■ **Exercise material**
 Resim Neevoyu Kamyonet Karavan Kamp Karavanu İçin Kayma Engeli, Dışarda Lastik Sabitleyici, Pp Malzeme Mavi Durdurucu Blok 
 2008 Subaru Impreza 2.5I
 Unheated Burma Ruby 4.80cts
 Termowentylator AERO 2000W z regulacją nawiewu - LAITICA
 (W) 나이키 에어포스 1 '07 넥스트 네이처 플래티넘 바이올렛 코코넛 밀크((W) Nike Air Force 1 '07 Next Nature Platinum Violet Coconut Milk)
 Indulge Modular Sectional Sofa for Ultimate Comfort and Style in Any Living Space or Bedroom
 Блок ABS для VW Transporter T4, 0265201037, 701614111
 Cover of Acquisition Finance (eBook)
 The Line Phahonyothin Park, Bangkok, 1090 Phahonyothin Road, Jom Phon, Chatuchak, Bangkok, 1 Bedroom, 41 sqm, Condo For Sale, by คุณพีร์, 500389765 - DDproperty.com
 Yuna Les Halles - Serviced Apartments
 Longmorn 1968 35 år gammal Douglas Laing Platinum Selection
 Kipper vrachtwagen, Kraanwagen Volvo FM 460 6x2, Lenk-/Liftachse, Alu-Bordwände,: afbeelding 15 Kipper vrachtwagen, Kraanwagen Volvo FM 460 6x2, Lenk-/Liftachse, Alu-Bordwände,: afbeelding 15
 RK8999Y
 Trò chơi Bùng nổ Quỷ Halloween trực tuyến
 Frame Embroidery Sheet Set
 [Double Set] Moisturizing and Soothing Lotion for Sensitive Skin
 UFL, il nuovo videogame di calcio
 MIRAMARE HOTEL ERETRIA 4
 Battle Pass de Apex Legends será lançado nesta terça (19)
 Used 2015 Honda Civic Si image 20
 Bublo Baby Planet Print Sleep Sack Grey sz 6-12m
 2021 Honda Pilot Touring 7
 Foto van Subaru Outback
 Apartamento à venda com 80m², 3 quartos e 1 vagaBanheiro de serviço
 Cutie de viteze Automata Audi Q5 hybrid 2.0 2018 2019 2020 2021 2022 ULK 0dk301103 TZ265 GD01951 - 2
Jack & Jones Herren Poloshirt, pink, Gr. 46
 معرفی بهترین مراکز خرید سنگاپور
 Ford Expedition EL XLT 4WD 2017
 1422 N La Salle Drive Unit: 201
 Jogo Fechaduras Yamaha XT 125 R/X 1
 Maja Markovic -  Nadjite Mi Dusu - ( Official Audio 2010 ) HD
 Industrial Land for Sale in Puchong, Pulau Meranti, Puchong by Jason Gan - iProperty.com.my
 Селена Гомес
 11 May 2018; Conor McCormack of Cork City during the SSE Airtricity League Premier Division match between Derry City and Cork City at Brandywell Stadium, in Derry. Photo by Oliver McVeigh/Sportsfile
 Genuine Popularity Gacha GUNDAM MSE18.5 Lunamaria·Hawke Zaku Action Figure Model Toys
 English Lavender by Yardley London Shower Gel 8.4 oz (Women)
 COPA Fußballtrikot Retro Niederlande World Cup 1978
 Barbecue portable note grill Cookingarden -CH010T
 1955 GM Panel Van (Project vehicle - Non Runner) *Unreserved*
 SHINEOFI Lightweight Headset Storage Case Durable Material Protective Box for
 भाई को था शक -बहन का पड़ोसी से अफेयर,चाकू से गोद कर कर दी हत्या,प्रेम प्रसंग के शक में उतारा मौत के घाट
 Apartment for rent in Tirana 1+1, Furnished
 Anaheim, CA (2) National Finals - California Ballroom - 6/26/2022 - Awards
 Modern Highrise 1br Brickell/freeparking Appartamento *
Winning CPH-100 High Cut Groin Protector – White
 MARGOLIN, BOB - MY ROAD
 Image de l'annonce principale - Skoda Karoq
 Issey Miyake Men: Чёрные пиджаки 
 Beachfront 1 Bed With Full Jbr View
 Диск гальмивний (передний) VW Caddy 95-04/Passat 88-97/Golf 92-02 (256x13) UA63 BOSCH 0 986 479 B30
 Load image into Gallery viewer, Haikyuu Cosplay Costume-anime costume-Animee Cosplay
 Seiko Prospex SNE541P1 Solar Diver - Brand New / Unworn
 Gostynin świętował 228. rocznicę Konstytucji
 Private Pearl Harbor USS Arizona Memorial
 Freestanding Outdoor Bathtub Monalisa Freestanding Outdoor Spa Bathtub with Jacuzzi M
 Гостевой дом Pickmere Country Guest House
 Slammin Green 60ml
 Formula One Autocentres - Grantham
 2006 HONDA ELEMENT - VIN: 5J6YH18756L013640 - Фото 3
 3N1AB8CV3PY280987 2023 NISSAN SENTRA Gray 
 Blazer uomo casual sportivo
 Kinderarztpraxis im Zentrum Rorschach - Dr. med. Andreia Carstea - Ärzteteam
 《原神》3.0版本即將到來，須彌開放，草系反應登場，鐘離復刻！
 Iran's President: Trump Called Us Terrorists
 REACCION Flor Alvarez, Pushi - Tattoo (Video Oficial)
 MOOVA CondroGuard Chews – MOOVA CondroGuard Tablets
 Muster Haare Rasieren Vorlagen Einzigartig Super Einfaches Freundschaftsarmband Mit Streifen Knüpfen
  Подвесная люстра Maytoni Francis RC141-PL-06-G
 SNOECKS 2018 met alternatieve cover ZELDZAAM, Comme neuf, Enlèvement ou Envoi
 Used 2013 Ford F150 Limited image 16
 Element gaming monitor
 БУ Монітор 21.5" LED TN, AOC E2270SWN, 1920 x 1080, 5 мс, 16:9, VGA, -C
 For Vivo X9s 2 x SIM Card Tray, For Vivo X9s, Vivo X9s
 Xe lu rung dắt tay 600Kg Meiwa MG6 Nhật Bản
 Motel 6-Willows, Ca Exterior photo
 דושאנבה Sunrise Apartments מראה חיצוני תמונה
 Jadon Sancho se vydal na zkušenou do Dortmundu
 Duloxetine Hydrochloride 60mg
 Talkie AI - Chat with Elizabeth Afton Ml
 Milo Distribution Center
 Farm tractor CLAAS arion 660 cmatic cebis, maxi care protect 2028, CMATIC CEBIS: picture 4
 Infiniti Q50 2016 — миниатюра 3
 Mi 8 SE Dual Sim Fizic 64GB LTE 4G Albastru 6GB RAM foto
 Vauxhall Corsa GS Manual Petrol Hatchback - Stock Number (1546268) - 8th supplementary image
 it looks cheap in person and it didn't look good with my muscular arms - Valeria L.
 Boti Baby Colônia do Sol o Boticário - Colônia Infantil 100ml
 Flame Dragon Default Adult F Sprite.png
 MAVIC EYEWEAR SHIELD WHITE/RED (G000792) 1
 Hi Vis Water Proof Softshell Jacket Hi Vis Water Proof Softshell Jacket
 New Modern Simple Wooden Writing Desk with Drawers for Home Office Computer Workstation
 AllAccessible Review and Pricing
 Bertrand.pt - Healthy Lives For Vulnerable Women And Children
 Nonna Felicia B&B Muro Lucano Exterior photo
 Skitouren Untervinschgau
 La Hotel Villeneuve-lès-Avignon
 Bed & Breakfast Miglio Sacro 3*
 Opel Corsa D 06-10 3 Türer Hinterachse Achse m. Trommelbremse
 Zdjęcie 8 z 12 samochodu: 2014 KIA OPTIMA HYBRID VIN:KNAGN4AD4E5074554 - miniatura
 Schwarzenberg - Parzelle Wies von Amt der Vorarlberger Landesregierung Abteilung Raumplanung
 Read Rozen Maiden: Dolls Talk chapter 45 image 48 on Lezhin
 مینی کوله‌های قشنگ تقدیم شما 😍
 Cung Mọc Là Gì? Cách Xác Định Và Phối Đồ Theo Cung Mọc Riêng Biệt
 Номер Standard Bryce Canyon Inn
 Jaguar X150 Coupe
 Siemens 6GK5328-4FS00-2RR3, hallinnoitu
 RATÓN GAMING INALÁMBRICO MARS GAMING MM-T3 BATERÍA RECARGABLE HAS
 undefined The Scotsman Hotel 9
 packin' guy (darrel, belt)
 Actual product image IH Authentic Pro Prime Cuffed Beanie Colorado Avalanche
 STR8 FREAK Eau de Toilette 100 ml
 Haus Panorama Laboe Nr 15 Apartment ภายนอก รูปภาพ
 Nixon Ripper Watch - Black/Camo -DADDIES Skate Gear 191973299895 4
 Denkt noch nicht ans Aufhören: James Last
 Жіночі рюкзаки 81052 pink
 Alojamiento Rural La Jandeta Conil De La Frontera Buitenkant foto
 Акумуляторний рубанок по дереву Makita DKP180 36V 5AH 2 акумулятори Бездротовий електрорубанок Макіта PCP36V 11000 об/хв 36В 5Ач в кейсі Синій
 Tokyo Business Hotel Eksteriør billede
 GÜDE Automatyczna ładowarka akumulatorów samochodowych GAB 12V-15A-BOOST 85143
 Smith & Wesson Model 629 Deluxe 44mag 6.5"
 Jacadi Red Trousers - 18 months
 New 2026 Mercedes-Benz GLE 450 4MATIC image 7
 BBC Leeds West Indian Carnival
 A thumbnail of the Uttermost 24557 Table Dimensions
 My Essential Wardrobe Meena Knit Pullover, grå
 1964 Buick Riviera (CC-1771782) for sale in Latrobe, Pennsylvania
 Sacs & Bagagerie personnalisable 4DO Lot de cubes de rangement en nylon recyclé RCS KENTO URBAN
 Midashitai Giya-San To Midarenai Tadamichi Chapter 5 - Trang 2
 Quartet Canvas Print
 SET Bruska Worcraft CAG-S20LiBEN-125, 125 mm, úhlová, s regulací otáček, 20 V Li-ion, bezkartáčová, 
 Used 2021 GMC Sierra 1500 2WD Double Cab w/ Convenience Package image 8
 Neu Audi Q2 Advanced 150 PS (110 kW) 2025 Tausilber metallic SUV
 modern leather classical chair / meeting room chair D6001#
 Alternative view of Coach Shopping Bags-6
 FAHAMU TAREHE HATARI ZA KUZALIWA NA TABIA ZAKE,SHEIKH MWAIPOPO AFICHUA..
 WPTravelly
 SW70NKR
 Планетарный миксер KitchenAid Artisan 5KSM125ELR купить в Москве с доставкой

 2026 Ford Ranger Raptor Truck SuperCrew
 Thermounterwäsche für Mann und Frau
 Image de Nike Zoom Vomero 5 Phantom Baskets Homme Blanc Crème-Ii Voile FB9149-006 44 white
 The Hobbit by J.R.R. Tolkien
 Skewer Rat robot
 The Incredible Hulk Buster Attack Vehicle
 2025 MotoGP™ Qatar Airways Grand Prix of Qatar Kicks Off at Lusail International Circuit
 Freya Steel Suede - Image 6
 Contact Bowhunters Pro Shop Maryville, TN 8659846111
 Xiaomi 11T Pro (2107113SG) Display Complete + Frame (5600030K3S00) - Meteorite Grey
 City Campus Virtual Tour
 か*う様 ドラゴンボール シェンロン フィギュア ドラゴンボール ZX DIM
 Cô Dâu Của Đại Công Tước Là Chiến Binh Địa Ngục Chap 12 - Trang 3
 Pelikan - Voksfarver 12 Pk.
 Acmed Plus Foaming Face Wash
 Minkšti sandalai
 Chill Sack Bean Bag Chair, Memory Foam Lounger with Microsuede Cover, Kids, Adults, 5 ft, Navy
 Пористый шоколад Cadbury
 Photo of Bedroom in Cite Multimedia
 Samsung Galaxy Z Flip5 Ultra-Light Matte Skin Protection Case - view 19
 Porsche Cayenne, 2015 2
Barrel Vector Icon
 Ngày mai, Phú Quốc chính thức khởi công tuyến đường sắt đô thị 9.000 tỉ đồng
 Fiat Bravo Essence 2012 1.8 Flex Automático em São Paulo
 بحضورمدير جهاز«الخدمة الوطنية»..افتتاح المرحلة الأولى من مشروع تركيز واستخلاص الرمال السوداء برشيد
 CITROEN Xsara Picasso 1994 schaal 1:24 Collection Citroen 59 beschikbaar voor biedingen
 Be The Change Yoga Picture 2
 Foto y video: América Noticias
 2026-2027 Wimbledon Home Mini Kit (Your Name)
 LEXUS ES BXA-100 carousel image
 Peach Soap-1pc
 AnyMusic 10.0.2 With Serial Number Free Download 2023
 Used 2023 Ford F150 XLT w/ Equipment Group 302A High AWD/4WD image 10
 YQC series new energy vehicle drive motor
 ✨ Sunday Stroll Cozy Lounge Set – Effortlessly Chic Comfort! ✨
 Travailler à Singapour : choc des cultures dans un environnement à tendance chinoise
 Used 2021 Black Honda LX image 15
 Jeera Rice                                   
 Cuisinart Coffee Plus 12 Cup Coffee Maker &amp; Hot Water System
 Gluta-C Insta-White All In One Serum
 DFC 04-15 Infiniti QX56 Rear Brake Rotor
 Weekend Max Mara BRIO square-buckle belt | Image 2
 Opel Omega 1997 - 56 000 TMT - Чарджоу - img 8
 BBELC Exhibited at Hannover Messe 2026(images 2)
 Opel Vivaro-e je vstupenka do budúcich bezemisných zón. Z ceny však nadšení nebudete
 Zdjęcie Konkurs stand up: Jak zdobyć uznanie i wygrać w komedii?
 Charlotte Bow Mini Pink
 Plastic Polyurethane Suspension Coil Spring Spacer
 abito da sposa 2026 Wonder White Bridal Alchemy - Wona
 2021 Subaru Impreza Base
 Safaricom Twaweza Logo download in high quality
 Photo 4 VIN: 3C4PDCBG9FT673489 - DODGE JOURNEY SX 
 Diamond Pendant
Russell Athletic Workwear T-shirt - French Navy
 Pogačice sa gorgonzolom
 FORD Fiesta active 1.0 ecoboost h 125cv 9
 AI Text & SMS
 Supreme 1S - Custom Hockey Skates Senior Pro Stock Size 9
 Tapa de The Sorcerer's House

■ **Aim of the exercise**
Using the entries above, give back exactly the line containing "undefined The Scotsman Hotel 9", the line containing "Smith & Wesson", and every line between them, and nothing else.

■ **Result of the exercise**
 undefined The Scotsman Hotel 9
 packin' guy (darrel, belt)
 Actual product image IH Authentic Pro Prime Cuffed Beanie Colorado Avalanche
 STR8 FREAK Eau de Toilette 100 ml
 Haus Panorama Laboe Nr 15 Apartment ภายนอก รูปภาพ
 Nixon Ripper Watch - Black/Camo -DADDIES Skate Gear 191973299895 4
 Denkt noch nicht ans Aufhören: James Last
 Жіночі рюкзаки 81052 pink
 Alojamiento Rural La Jandeta Conil De La Frontera Buitenkant foto
 Акумуляторний рубанок по дереву Makita DKP180 36V 5AH 2 акумулятори Бездротовий електрорубанок Макіта PCP36V 11000 об/хв 36В 5Ач в кейсі Синій
 Tokyo Business Hotel Eksteriør billede
 GÜDE Automatyczna ładowarka akumulatorów samochodowych GAB 12V-15A-BOOST 85143
 Smith & Wesson Model 629 Deluxe 44mag 6.5"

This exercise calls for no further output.